NITS調査研究プロジェクト 第1回成果報告会

教育公務員特例法等の一部改正により、NITS(教職員支援機構)では、平成29年度より、教職員の資質向上に関する調査研究機能を付加し、教員の養成・採用・研修の改善を目的とした、さまざまな調査研究プロジェクトを行ってきました。

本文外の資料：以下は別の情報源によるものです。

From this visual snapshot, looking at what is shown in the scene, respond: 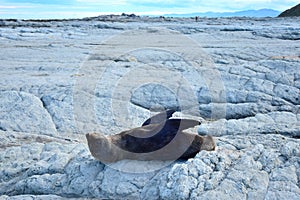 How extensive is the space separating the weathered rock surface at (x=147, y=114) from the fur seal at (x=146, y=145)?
0.11 meters

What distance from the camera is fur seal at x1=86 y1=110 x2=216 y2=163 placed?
169 inches

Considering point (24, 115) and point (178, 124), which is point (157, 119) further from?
point (24, 115)

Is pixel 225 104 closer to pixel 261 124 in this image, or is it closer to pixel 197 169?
pixel 261 124

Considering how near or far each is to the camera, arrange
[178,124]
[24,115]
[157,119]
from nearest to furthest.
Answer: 1. [178,124]
2. [157,119]
3. [24,115]

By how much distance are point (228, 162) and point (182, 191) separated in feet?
2.26

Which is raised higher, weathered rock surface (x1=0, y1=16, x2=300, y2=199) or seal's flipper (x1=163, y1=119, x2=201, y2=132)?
seal's flipper (x1=163, y1=119, x2=201, y2=132)

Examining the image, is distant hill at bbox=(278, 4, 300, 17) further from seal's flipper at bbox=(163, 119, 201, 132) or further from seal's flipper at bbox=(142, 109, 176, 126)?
seal's flipper at bbox=(163, 119, 201, 132)

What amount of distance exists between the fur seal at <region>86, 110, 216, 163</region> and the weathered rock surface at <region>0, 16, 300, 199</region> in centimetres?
11

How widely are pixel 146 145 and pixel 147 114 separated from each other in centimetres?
287

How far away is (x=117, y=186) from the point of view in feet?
13.5

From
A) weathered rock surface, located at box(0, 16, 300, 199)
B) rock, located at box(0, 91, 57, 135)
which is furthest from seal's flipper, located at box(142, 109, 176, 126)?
rock, located at box(0, 91, 57, 135)

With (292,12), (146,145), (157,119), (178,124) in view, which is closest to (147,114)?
(157,119)

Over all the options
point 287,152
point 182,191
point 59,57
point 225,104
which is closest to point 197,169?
point 182,191

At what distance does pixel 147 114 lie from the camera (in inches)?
283
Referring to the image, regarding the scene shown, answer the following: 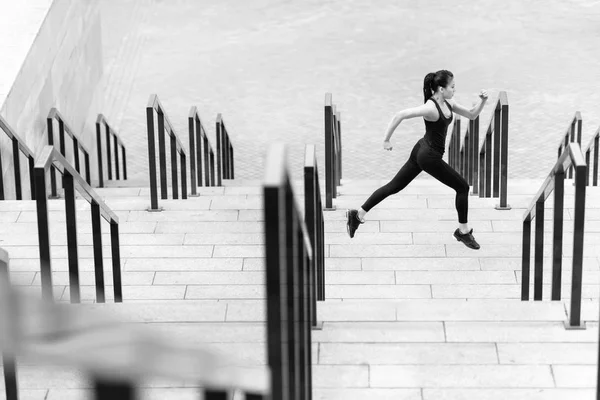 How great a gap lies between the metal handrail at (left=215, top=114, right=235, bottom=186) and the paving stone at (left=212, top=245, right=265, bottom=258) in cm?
324

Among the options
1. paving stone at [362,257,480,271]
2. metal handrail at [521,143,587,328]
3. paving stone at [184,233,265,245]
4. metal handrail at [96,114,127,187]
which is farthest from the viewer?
metal handrail at [96,114,127,187]

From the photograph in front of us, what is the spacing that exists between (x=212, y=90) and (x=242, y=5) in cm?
368

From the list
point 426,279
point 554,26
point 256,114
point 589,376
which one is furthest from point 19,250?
point 554,26

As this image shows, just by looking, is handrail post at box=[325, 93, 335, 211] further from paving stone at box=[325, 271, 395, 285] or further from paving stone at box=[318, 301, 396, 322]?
paving stone at box=[318, 301, 396, 322]

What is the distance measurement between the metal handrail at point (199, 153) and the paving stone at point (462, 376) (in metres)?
4.48

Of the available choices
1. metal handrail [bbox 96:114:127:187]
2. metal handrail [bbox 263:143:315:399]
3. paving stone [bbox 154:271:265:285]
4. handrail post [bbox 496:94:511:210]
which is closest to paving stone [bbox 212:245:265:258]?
paving stone [bbox 154:271:265:285]

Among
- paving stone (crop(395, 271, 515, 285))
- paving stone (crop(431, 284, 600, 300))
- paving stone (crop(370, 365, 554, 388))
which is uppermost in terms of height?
paving stone (crop(395, 271, 515, 285))

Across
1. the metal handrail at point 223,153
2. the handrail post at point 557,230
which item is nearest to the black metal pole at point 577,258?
the handrail post at point 557,230

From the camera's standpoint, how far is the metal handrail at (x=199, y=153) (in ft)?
28.3

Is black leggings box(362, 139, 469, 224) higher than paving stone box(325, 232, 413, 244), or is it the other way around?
black leggings box(362, 139, 469, 224)

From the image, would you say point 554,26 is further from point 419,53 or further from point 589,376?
point 589,376

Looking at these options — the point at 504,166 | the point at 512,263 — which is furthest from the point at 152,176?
the point at 512,263

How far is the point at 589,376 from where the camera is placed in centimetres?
407

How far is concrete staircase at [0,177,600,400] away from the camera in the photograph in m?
4.12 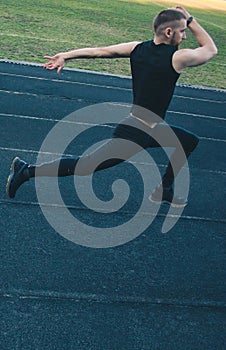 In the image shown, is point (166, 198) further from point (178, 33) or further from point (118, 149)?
point (178, 33)

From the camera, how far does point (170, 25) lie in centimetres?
490

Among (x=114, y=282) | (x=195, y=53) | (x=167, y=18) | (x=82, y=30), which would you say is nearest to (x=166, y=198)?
(x=195, y=53)

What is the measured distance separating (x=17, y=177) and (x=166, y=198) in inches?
60.8

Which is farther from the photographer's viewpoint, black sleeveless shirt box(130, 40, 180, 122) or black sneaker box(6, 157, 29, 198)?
black sneaker box(6, 157, 29, 198)

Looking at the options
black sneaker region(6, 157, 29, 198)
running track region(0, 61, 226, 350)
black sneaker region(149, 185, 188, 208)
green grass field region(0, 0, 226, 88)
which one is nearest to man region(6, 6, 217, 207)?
black sneaker region(6, 157, 29, 198)

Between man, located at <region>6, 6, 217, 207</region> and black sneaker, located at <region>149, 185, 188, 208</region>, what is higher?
man, located at <region>6, 6, 217, 207</region>

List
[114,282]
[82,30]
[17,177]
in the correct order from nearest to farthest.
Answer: [114,282], [17,177], [82,30]

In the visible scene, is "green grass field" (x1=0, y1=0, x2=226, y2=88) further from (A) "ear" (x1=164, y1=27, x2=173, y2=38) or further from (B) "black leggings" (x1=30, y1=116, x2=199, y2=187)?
(A) "ear" (x1=164, y1=27, x2=173, y2=38)

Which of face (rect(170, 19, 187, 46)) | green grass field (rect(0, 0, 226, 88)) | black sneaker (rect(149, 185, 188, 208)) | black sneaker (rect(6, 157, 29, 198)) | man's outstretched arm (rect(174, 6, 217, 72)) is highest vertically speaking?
face (rect(170, 19, 187, 46))

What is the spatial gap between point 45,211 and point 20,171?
0.43 m

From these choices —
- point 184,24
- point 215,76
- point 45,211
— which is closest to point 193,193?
point 45,211

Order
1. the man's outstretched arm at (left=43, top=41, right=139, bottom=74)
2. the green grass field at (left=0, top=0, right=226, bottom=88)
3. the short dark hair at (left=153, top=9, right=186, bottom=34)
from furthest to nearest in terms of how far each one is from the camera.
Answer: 1. the green grass field at (left=0, top=0, right=226, bottom=88)
2. the man's outstretched arm at (left=43, top=41, right=139, bottom=74)
3. the short dark hair at (left=153, top=9, right=186, bottom=34)

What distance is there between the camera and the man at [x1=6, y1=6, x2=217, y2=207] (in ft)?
16.3

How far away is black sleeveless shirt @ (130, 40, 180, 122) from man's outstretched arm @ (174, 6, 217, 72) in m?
0.07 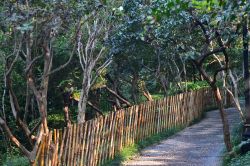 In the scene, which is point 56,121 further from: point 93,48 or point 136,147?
point 93,48

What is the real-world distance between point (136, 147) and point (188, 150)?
1.62 meters

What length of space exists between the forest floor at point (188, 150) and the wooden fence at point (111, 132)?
600 mm

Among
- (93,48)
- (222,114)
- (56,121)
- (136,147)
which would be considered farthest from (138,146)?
(56,121)

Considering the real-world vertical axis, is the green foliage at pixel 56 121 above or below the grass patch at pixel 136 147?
above

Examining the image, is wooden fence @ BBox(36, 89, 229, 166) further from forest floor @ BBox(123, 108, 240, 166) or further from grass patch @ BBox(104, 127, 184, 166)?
forest floor @ BBox(123, 108, 240, 166)

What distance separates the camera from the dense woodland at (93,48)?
300 inches

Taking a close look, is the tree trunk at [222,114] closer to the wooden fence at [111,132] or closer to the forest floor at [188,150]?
the forest floor at [188,150]

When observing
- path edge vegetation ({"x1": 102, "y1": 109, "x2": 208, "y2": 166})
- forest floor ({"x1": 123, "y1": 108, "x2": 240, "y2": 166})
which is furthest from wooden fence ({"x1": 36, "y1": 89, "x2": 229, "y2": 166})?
forest floor ({"x1": 123, "y1": 108, "x2": 240, "y2": 166})

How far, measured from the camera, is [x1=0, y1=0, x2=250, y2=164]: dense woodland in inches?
300

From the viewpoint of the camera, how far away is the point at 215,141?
53.5ft

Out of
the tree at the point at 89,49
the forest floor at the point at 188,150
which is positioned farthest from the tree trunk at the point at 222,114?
the tree at the point at 89,49

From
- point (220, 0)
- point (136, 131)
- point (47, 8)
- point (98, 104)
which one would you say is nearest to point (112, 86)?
point (98, 104)

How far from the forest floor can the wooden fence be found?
1.97ft

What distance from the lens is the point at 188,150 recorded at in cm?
1468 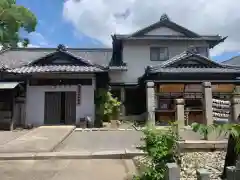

その成果の普及を目的として、第1回成果報告会を、平成31年3月29日(金曜日)に東京丸の内で実施しました。当日の研究発表と報告書をご活用いただけたらと思います。

研究発表1:

「育成指標の機能と活用」

プロジェクトリーダー:教職員支援機構次世代教育推進センター長 大杉昭英

教員の養成・採用・研修の一体的改革の進展に資するため、都道府県及び指定市教育委員会が作成した育成指標を取り上げ、その特長を分析し類型化を行い、それを踏まえて学び続ける教員の成長を図る上での育成指標の機能と課題を明確化するとともに有効な活用方法を提言します。

研究発表2:

「『主体的・対話的で深い学び』を見取り,実現する校内研修」

プロジェクトリーダー:國學院大學教授 田村学

資質・能力の育成には「主体的・対話的で深い学び」の実現が求められます。そうした授業のためには、期待する学びを具現している子どもの姿を具体的にイメージし、見取る教師の力量が欠かせません。どのような校内研修で教師力を磨いていくかを参加者と共に考えていきたいと思います。

研究発表3:

「働き方改革時代の管理職に求められるタイムマネジメント・スキル」

プロジェクトリーダー:東北大学准教授 青木栄一

学校においてタイムマネジメントが欠如していることで教員の多忙化が政策課題となっています。それでは管理職が管理職として行うべきことは何か。教育ムラと揶揄される教育界にそのヒントを求めることはできません。報告では企業への聞き取り調査結果を紹介します。

研究発表4:

「教員採用統一試験実施の可能性と課題」

プロジェクトリーダー:国士舘大学教授 北神正行

教員採用統一試験実施の可能性等を検討することを目的に、その第一段階として教員採用選考試験の実施主体である教育委員会の意向やニーズを把握するために実施したアンケート調査の結果とそれを踏まえた今後の検討課題について報告を行います。

研究発表5:

「教師の資質と役割とをめぐるディスコースの国際動向」

プロジェクトリーダー:教職員支援機構上席フェロー 百合田真樹人

教師の養成と継続的成長を支えるシステムの経験的な側面を体系化することは、経験則が看過する可能性や課題を改めて再考するために有効なプロセスとなり得ます。本報告では、わが国の教師教育の実践とそのシステムが看過する側面を国際調査研究の事例から明らかにし、優れた教師を確保する上で有効な施策の観点を示します。